It is because of the liberty bestowed by the Allied Powers that our struggle was brought to an end, but it is entirely due to the fight that the employees have won and begun anew as democrats. The Japanese Nation has been given freedom by the Supreme Command, but they themselves must fight for democracy in order to secure liberty and to discipline the Nation along democratic lines.
At the start of the struggle, some thought that it would be impossible to manage the YOMIURI SHIMBUN without President SHORIKI, but the employees have accomplished, even in management, what the President's party could not do. For instance, it had been difficult for the office to print even two pages on week days because of limited printing facilities, and many of the readers had also been worried about the delay in distribution. This has improved steadily, however, and we have recently succeeded, through the support of the employees of the ASAHI SHIMBUN, in printing four pages — a job given up by the President's party as an impossibility. We have steadily been repairing our rotary presses which had been abandoned by the President's party since the outbreak of the dispute. Soon, the paper will be printed more clearly and proper measures will be taken to make a more rapid distribution. Thus we have demonstrated that it is possible for us to manage all matters without the President. Our struggle has not only stimulated the national movements, but has also truly expressed the power of the masses. By the victory, we have been given responsibility for publishing a truly democratic newspaper. From now on we shall do our best to edit and publish the news democratically in order to gain the confidence of the public and to enhance its power. We have gained such self-confidence that we shall be able to attain boldly the aim of democracy: let the people be sovereign!

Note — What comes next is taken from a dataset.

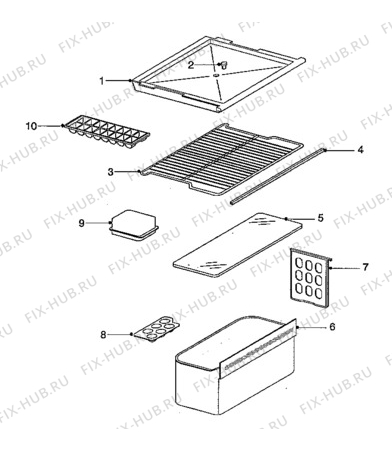 Взрыв-схема холодильника Quelle QR4-HC - Схема узла Furniture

ITEM 2 Dec 8, the Anniversary of the Outbreak of the Greater East Asia War - Hokkoku Mainichi Shimbun (Kanazawa) - 8 Dec 45. Translator: Y. Ebiike.
Once again it is Dec 8, and on this anniversary of the outbreak of the Greater EAST ASIA ear we must remember anew how dangerous it is to decide a matter of vital importance to the Nation against the will of the people. For these three years and nine months, the military clique, propagandizing its false victory, has compelled us to obey blindly, and has never allowed us a single thought concerning the war. Therefore we did not realize our defeat until the termination of War on 15 August.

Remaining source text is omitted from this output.